Another indicator of HIV awareness is the number of people who reported having had an HIV test. In total, 76% of respondents said they had been tested at least once. The percentage in Ocean View and amongst clergy is close to the total sample, 75% and 73%, respectively, while it is somewhat lower in Constantia (64%) and much higher in Lentegeur (93%). Even though the reasons for getting an HIV test are many, from routine check-ups in antenatal care to compulsory HIV tests in certain lines of work, the large extent to which people have had HIV tests shows that many people have come into close contact with HIV issues. This is confirmed in the interview material in which respondents stress the anxiety that an HIV test entails as one is necessarily forced to consider whether one could have contracted the virus.

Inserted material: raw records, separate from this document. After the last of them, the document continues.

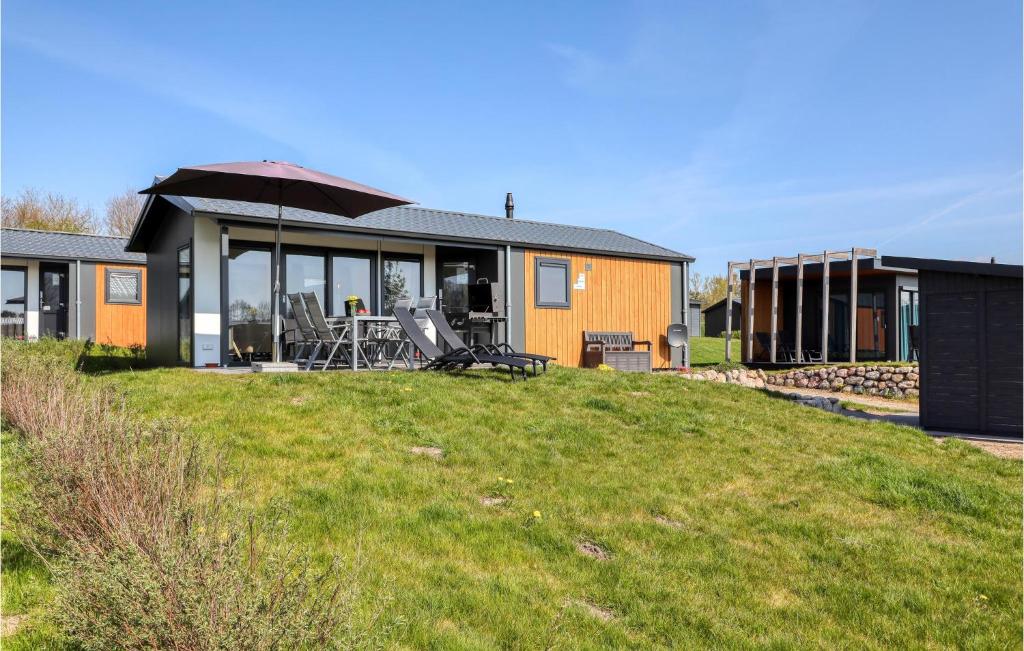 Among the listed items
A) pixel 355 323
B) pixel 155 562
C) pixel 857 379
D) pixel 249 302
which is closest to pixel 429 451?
pixel 155 562

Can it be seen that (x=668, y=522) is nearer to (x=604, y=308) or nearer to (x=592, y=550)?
(x=592, y=550)

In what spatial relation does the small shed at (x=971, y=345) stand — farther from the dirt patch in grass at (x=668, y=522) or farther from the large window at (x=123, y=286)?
the large window at (x=123, y=286)

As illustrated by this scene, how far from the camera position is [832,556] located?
397 centimetres

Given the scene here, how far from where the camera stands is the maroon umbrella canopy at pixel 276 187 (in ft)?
24.9

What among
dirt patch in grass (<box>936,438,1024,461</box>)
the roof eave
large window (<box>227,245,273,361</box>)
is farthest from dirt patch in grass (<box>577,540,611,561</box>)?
large window (<box>227,245,273,361</box>)

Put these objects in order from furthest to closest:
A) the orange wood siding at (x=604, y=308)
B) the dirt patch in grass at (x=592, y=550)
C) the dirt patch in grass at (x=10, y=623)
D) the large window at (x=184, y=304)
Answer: the orange wood siding at (x=604, y=308) → the large window at (x=184, y=304) → the dirt patch in grass at (x=592, y=550) → the dirt patch in grass at (x=10, y=623)

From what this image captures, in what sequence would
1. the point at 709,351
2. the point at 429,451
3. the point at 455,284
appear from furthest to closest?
the point at 709,351 → the point at 455,284 → the point at 429,451

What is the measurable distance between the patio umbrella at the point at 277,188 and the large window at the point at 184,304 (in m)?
1.88

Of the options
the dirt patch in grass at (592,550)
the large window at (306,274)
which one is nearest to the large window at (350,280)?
the large window at (306,274)

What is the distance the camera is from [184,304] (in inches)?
420

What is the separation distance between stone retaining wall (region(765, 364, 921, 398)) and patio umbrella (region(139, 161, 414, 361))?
10007 mm

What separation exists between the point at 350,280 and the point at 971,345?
966cm

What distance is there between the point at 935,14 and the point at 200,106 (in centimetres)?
1561

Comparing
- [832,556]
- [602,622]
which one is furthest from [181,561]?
[832,556] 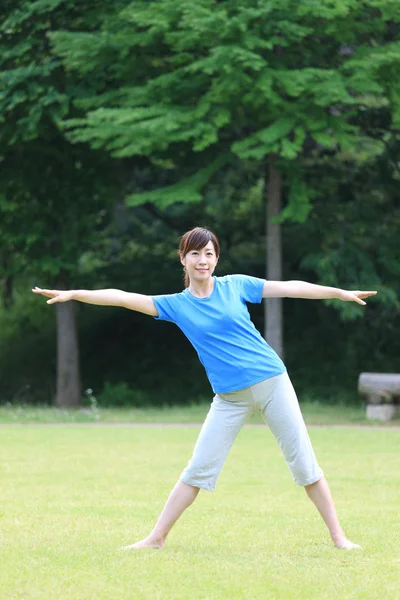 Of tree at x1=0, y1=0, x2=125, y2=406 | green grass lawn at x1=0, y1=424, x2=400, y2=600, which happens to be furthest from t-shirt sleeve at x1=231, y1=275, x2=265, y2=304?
tree at x1=0, y1=0, x2=125, y2=406

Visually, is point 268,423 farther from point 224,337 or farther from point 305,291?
point 305,291

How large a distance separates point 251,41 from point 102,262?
46.4ft

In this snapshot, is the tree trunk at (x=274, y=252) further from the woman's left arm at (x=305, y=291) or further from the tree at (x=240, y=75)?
the woman's left arm at (x=305, y=291)

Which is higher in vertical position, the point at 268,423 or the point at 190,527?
the point at 268,423

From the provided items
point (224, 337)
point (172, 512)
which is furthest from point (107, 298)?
point (172, 512)

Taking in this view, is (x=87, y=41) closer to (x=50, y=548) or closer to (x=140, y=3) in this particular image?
(x=140, y=3)

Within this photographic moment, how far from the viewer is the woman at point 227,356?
6.46m

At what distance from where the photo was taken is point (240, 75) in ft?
59.0

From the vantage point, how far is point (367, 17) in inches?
758

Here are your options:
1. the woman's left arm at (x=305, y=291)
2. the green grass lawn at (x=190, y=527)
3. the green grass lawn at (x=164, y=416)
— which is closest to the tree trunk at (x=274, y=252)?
the green grass lawn at (x=164, y=416)

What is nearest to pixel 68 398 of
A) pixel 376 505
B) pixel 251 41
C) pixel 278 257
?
pixel 278 257

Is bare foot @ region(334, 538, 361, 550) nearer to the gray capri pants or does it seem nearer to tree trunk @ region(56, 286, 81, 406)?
the gray capri pants

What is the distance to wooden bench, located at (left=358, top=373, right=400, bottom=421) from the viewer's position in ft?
59.0

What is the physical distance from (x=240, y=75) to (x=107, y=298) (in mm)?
12087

In Ocean View, 19 out of the 32 survey respondents (59%) reported that HIV is talked about in the congregation. If one assumes that HIV talk can only address questions of HIV if it is noted and thus adds the four participants who answered that they do not know whether HIV is spoken of to the nine voices saying that HIV was not addressed, it appears that roughly half of the people see the church to engage in HIV talk. This finding is confirmed in the other three contexts.

The divergent assessments are rooted in different ideas of what constitutes HIV talk. From the interview material, it becomes clear that HIV is mostly addressed around and on World AIDS day on December 1. HIV is also mentioned in services and particularly in the sermon at times. When HIV is talked about, it is most often to raise awareness and to promote acceptance of and compassion towards people living with HIV. However, survey respondents in Ocean View and Constantia also reported that HIV was at times talked about as a concern chiefly for other people.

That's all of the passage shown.